PROVIDED DATA:
——

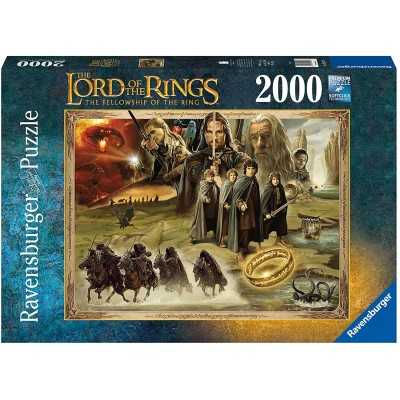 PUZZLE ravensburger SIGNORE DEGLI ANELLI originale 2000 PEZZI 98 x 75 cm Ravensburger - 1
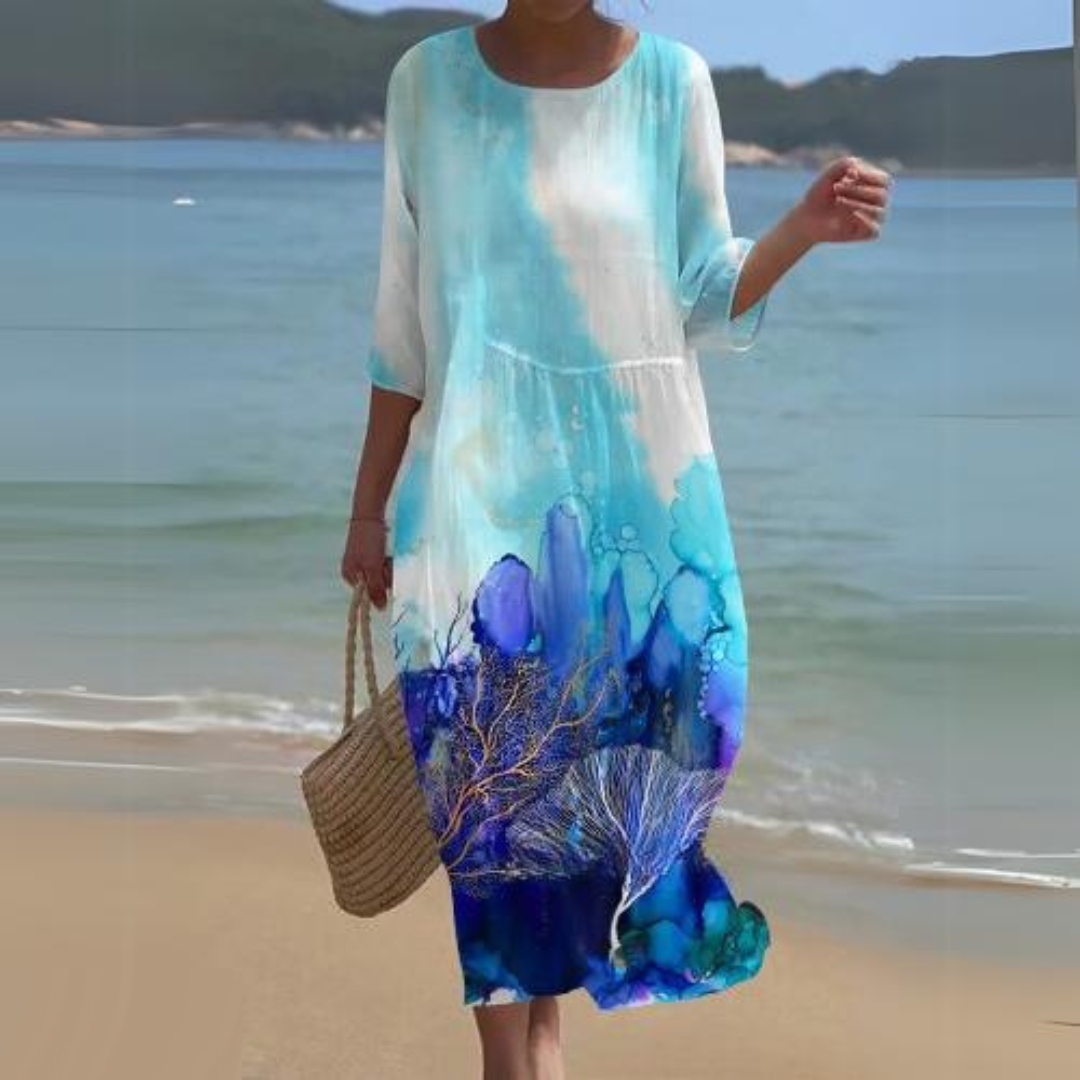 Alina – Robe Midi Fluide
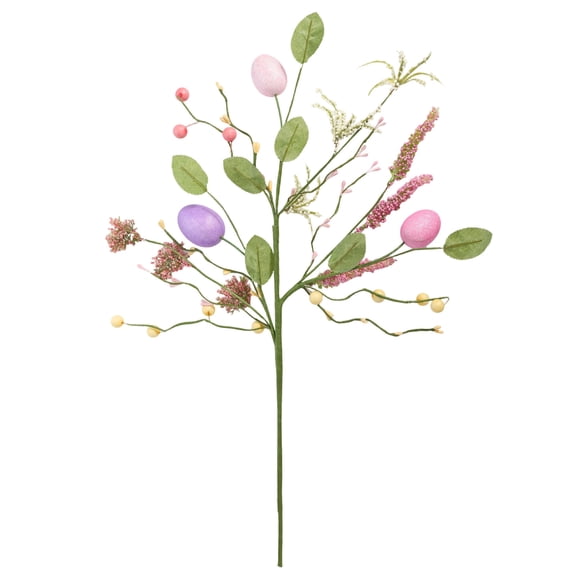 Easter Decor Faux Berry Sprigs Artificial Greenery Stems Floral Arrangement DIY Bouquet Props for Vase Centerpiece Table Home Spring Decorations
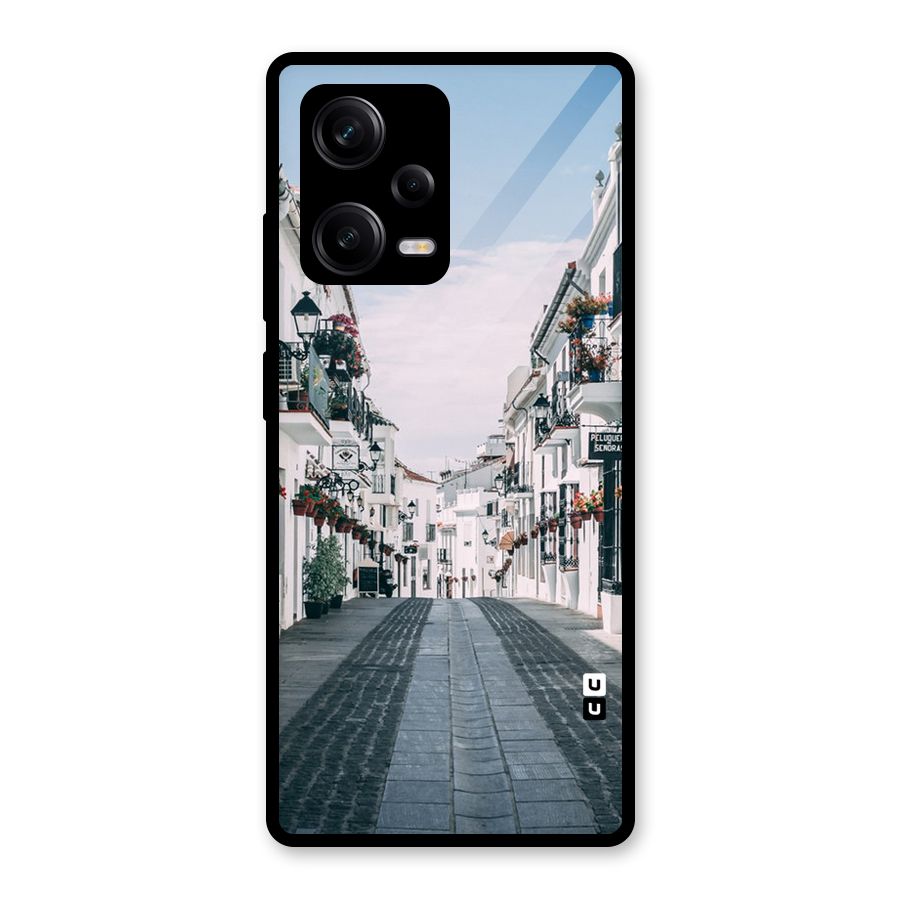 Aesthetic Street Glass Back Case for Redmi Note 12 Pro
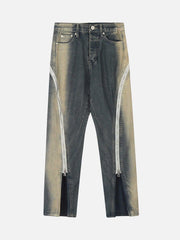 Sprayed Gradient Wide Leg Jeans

——

EXERCISE DETAILS: Leave the images aside and transcribe all entries exactly.

ANSWER FOR THIS EXERCISE:
 PUZZLE ravensburger SIGNORE DEGLI ANELLI originale 2000 PEZZI 98 x 75 cm Ravensburger - 1
 Alina – Robe Midi Fluide
 Easter Decor Faux Berry Sprigs Artificial Greenery Stems Floral Arrangement DIY Bouquet Props for Vase Centerpiece Table Home Spring Decorations
 Aesthetic Street Glass Back Case for Redmi Note 12 Pro
 Sprayed Gradient Wide Leg Jeans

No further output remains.